Dominique de Beaune mourut en 1452 à Paris, dans une maison que l'abbaye des Vaux possédait rue du Foin, près du palais des Thermes. Cette maison était tenue en location par une femme nommée Catherine la couturière, qui soigna l'abbé Dominique avec tant de dévouement que les moines, en reconnaissance, lui remirent le terme de Pâques.
Dans un état des biens de l'abbaye des Vaux de Cernay, dressé en 1511, on trouve entre autres une pièce relative aux maisons, cens et rentes que possédait l'abbaye dans la ville de Paris, et en particulier dans le quartier des Thermes. Cette pièce est assez curieuse, parce qu'il y est question de rues qui ont disparu ou ne tarderont pas à disparaître. La voici avec le style et l'orthographe du temps:
"L'abbaye des Vaux de Cernay possède plusieurs maisons, caves, court et jardin, assis à Paris, ès rues du Foin et de la Harpe, d'anciennetés nommées la granche du Palais des Thermes; la première desquelles où souloit (avait habitude, en latin solebat) pendre pour enseigne la Croix d'or, qui contient plusieurs chambres, greniers, caves, court devant et jardin au costé, est à présent au domaine d'icelle abbaye des Vaulx, et tout le demourant desdites maisons, èsquelles y a de présent trois hostelleries, c'est à sçavoir le Gril, les Singes et le Mouton rouge, ont esté baillées à tiltre de ferme et loyer d'argent.

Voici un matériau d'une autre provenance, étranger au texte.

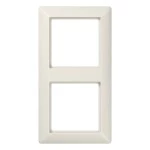 JUNG AS582BF Rahmen 2fach, AS 500, IP 44, Thermoplast, weiß, senkrechte und waagerechte Montage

Item apartient à ladicte abbaye des Vaux de Cernay les hostels où pend pour enseigne l'Image Saint-Jean-Baptiste et le Franc-Rosier, en la rue de la Parcheminerie, où souloit pendre pour enseigne les Maillets
Item plusieurs autres maisons ès rue du Foin, rue du Feurre, rue des Murs, près de la porte Saint-Victor; une autre maison près l'église de Saint-Bon, et deux autres maisons en la rue Saint-Germain-l'Auxerrois."

                                                                                                La fin à une autre livraison.

Le Magasin pittoresque, juin 1875.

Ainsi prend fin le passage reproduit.